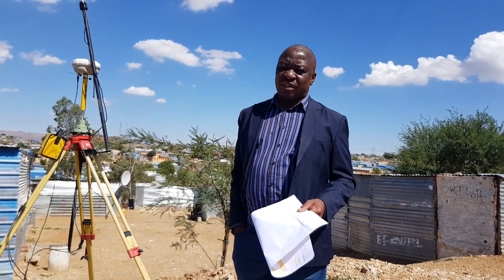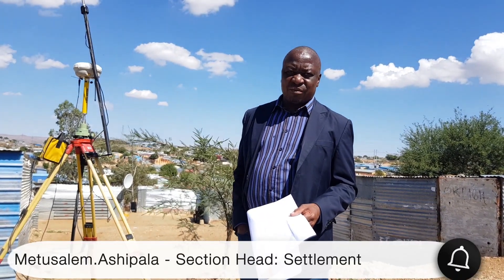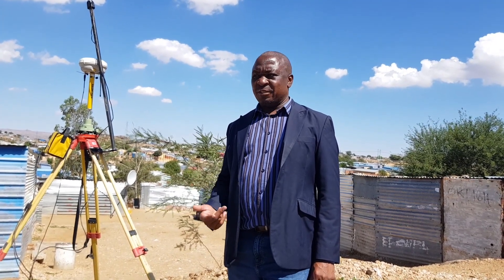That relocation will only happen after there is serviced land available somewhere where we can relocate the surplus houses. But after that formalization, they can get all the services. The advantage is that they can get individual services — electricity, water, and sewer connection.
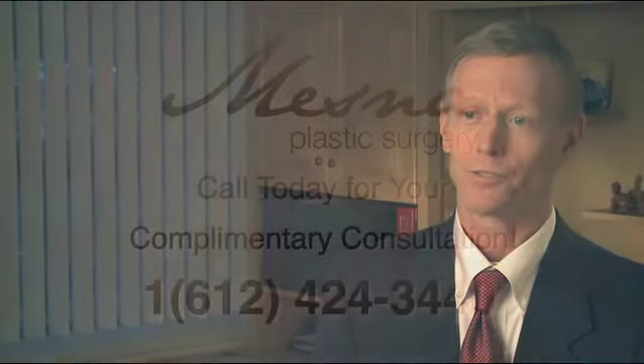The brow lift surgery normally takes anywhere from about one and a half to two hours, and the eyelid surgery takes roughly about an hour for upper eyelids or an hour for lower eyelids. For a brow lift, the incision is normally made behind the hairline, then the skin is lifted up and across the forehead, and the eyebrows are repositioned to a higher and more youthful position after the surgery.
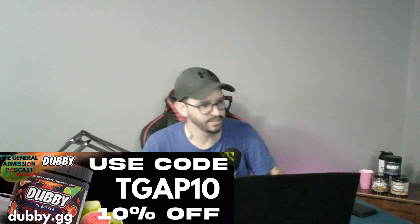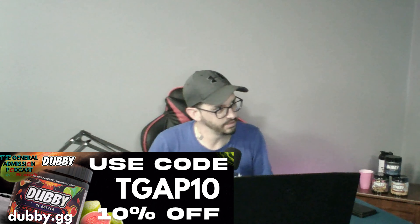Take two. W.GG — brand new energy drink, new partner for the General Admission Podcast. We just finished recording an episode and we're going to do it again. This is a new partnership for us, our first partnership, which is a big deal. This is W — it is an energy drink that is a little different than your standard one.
──────
EXERCISE DETAILS
I would like the data above transcribed exactly, with its pictures left out.

TASK SOLUTION
That relocation will only happen after there is serviced land available somewhere where we can relocate the surplus houses. But after that formalization, they can get all the services. The advantage is that they can get individual services — electricity, water, and sewer connection.
The brow lift surgery normally takes anywhere from about one and a half to two hours, and the eyelid surgery takes roughly about an hour for upper eyelids or an hour for lower eyelids. For a brow lift, the incision is normally made behind the hairline, then the skin is lifted up and across the forehead, and the eyebrows are repositioned to a higher and more youthful position after the surgery.
Take two. W.GG — brand new energy drink, new partner for the General Admission Podcast. We just finished recording an episode and we're going to do it again. This is a new partnership for us, our first partnership, which is a big deal. This is W — it is an energy drink that is a little different than your standard one.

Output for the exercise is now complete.